One of the most common mistakes I encounter in homes of all types, is a piecemeal approach to choosing interior colors. Although I'm a big fan of evolving design that showcases your personal style vs. the installed by a decorator look, color is a design element that needs to be coordinated throughout the house for the best result.
Why You Need a Color Plan
Without an overall color plan, a house lacks harmony and unity. Conflicting or unrelated colors are not only unattractive, they can be uncomfortable to live with because they're disconcerting. Consider this example I saw recently: the daughter's room had bright pink walls, the son's room was black, the kitchen was a sunny yellow and the rest of the house was beige. The result was color chaos! When you're selling, badly chosen (or badly coordinated) colors can decrease its value and marketability.
Even if you paint your house a little at a time, it's wise to develop an overall plan. If you've already done a lot of painting, analyze what's working and what isn't, create a plan, then make adjustments as your time and budget allow.
Here are some simple "do's" and "don't's" for creating your color plan:
DON'T cop out completely by painting everything white. That's an opportunity lost and a poor choice for many homes.
DO start with the colors in the permanent elements (floors, carpets, counter tops, stonework, tile, etc.).
DO use several colors for variety and interest.
DO consider using lighter and darker versions of the same colors.
DON'T use both tint colors and shade colors on the walls. They're different concepts, so pick a team and play on it. Tints and Shades
DO learn about light reflectance values (LRV) so you can compare colors accurately. Here's a short explanation from our web site: Light Reflectance Values (LRV)
DO repeat colors to create unity and harmony. For instance, the living room color might also work well in a powder room.
DO use a single color on the trim to tie the plan together.
DON'T accent baseboards or crown molding smaller than four inches wide, especially in homes with eight foot ceilings. Instead, paint them in the wall color so that instead of drawing attention, they become texture and improve the proportions of the room.
DO consider painting bathroom vanities in accent colors. This is a very cost-effective way to add personality.
DO consider a special color for some ceilings, such as the dining room.
DON'T automatically paint ceilings white, especially when you've chosen earth tones for the walls. They'll look out of place with the wall color, or as if you forgot to paint them.
DO consider painting the back walls of shelves in accent colors.
DO use color to tweak the architecture. Use an accent color on the end wall of a long hallway to minimize the "bowling alley" impression.
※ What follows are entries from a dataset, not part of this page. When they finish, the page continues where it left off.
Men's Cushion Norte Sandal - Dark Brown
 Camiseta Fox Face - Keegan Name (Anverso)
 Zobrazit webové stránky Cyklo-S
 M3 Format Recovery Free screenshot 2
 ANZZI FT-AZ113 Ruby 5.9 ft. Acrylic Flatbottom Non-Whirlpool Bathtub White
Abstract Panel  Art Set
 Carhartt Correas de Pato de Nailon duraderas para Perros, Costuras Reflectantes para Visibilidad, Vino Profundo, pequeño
DO consider using darker, richer colors in some areas, such as a media room.
DO use blocks of color to help define areas in large, open spaces.
DO consider the room's sun exposure when you're choosing colors. If the room faces north, warm colors are a good idea to counteract a cold, gray feeling.
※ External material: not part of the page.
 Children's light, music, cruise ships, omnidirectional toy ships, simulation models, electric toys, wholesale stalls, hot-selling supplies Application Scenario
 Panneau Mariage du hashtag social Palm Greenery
DON'T make color decisions from a tiny paint chip or color strip. They don't tell you what a color really is like. Instead, create 2x3 foot sample boards using inexpensive foam core, and look at the samples under different light conditions.
DO view the samples in the orientation the color will be applied. If you're choosing a ceiling color, tape the sample to the ceiling.
DO create your own design book with samples of paint, fabric, tile, etc. Carry it in the car so you never have to guess if something will work with what you have. Our ability to remember color accurately is faulty.